▶ _RECORDS SUPPLIED_:
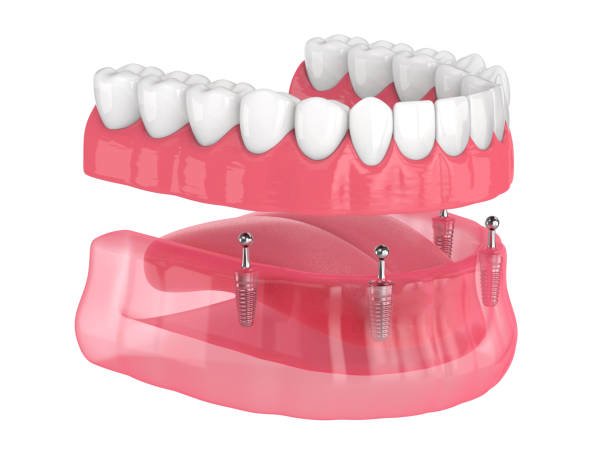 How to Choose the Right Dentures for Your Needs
---
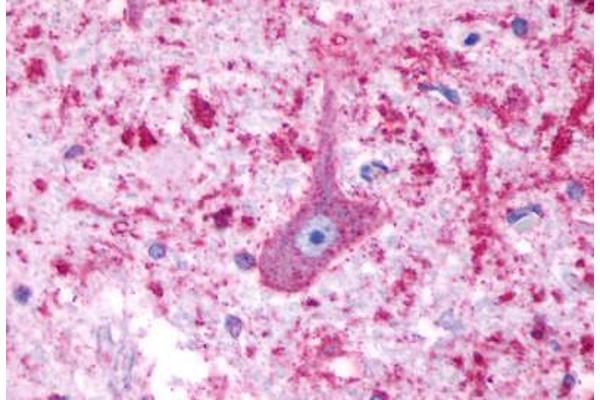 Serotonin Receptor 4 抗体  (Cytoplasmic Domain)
...
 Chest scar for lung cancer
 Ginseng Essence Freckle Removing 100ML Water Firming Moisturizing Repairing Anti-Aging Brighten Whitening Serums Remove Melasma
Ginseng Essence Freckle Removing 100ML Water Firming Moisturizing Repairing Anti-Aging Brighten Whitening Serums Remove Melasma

▶ _EXERCISE OBJECTIVE_: Return only the lines of the records in which the string "Serums" appears.

▶ _TASK RESPONSE_:
 Ginseng Essence Freckle Removing 100ML Water Firming Moisturizing Repairing Anti-Aging Brighten Whitening Serums Remove Melasma
Ginseng Essence Freckle Removing 100ML Water Firming Moisturizing Repairing Anti-Aging Brighten Whitening Serums Remove Melasma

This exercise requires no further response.